Now and then I will talk to some of the young people, and ask them
what they know about the real Stonewall. Almost all the young ones,
under 30 at least, seem ignorant and indifferent. This shocked me, it is
as if a young black American did not know who Martin Luther King was,
or worse did not care. But then I realized; this event is not taught in
the schools, not even in college classes, unless you go and look for
this history on your own in an electvie class. It surely is not required
knowledge, like knowing about Hitler and the Holocaust, or about our
Civil War..
The history of the LGT struggle for civil rights has then generally been forgotten, even by those it affects personally..

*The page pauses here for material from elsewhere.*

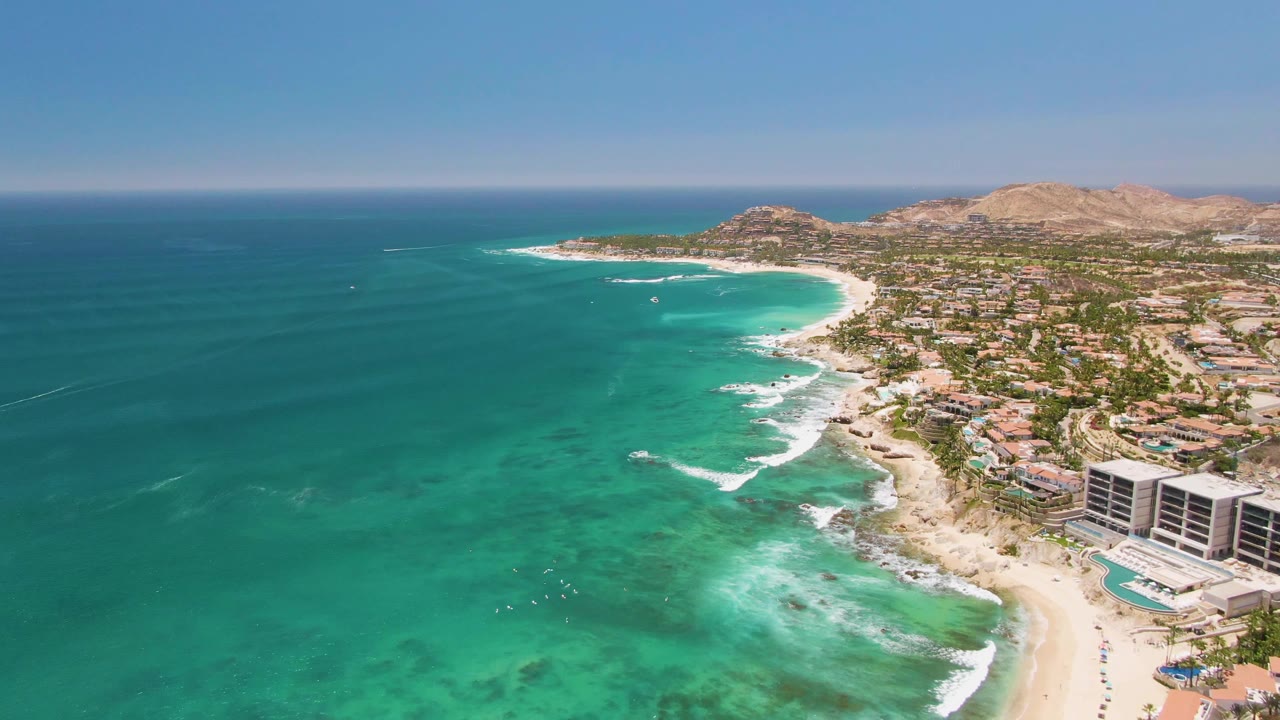 Wide drone frame over Costa Azul Beach showing clear green-blue water with darker reef patches, surf bands meeting the sand, beachfront buildings at right, and dry hills behind town.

It is as if the world that gays and lesbians had to live in before
1970 has been swept under the rug of history. No one wants to tell this
story, and when it is told, it devolves to being a story about men in
high heels in New York outside a bar, throwing cobblestones at cops..
There is a lot more to it than that. I read Stonewall by
Martin Duberman when it came out in 1994, and have recommended it ever
since to my customers. This book is a LGT view of the late 1960's, early
1970's, and the real history of the gay right's movement back to the
1930's. The struggle for civil rights for the LGT community was a long
and difficult one, and it took more than one riot to change things...but
it took a riot, it seems, to get ordinary people, the average Joe and
Jane who was LGT, to look up and notice that they were strong, and could
say 'no' to being called foul names, harassed, arrested, and beaten. .

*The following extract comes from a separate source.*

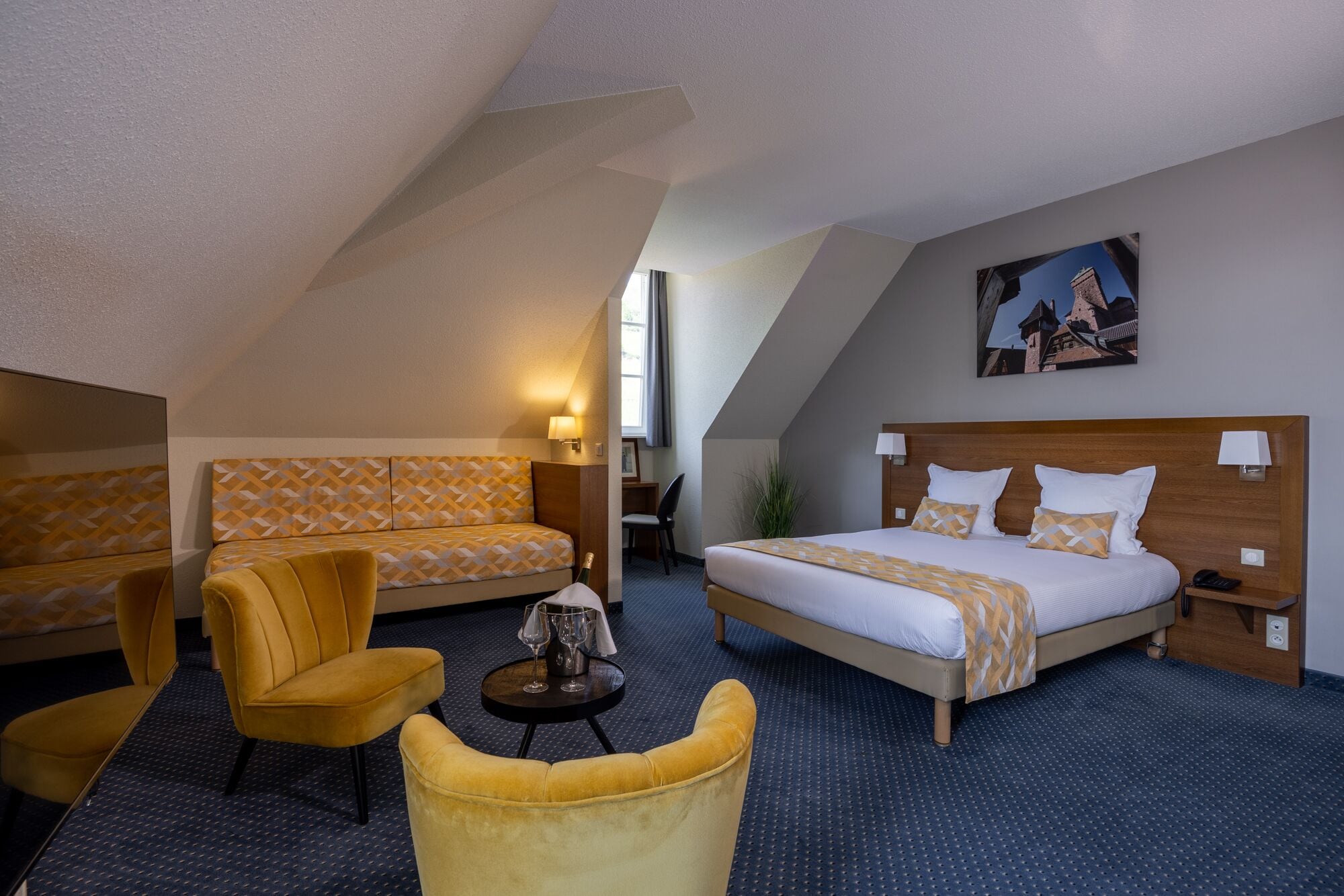 A hotel room with a large bed, a sofa, and a chair. There is a painting on the wall and a window with curtains.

This author, tracked down and interviewed dozens of LGT people who
lived in New York city at this time, and who were eyewitnesses to the
riots.. He chose six people, two men, three women and one
transgender person to interview, taping their testimonies and
transcribing them. This gives the book a feeling of candor, and
immediacy. . . The riots at the Stonewall bar on Christopher Street are
not reached until the page 181 of this 282 page book; the rest of the
book is these people telling their life stories. This helps give context
to the events of that night and the nights following.
I was on the edge of my chair reading it by the time I got to the
days of the riots, even though I knew the general outcome, the details
and the events of that night were suprising to me.

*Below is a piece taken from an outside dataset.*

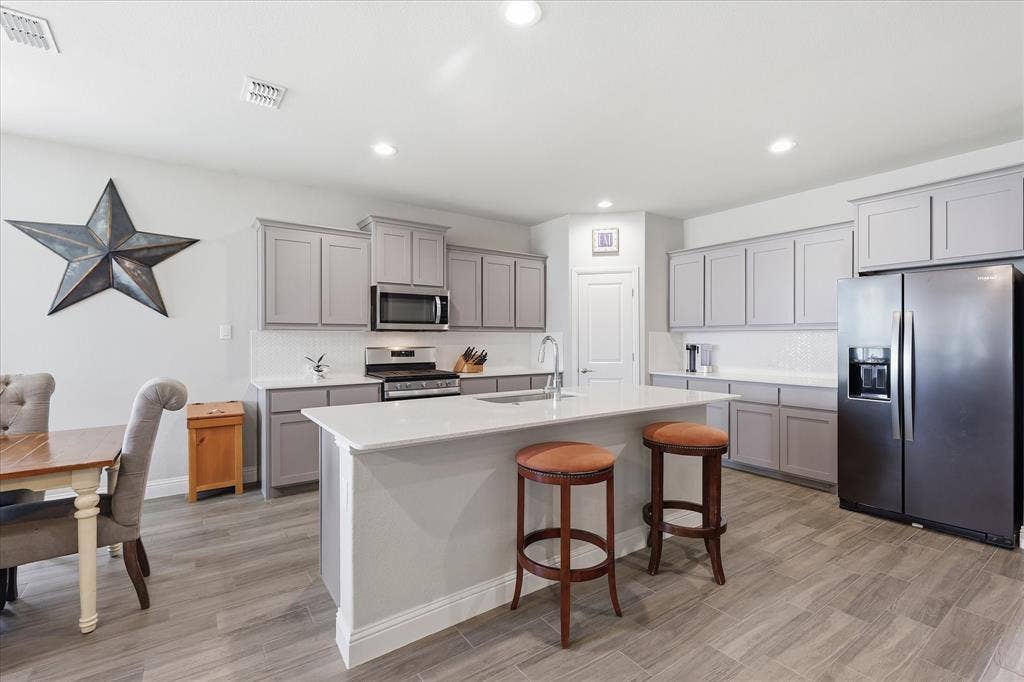 Stainless appliances, kitchen island and beautiful cabinetry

One thing that outraged me was reading about the 'ritual' of a
police raid on a gay bar. The cops would arrest those people without
I.D.'s, men in women's clothing, women in men's clothing, and always
some of the employees. The would seize the cash the bar had, scream
abuse, hit or shove the other clients, shut the bar down for the night
(till they were paid off). The raids were even timed by the police to
happen once a month or so, early in the evening, so the bar could
re-open quickly. They would even call ahead so the bar's Mafia owners
and workers could leave, so only the gay employees would be arrested.
The police had a interest in keeping the geese that laid golden
eggs alive, so the bribes would keep coming in. The Mafia owned the bar and paid off the police, so that it had an outlet for the
illigal liquor it wanted to distribute, that was stolen out of
distilleries, or did not have 'tax' stamps on it. It also was a very
profitable business for them..
But the LGT people who were the clients were beat up, humiliated and arrested. And this happened over and over.
One thing that is forgotten in 2013 is that gay bars were the main
way ordinary gays and lesbians could meet each other, socialize,
network. The constant threat of being arrested, fined and jailed finally
was too much for them that night, and starting with the transvestites
who had just been loaded into the wagon, who fought back. the people
who had just been kicked out of Stonewall, took on the police, throwing
bottles, rocks and cobblestones..
The riots lasted on and off for three days.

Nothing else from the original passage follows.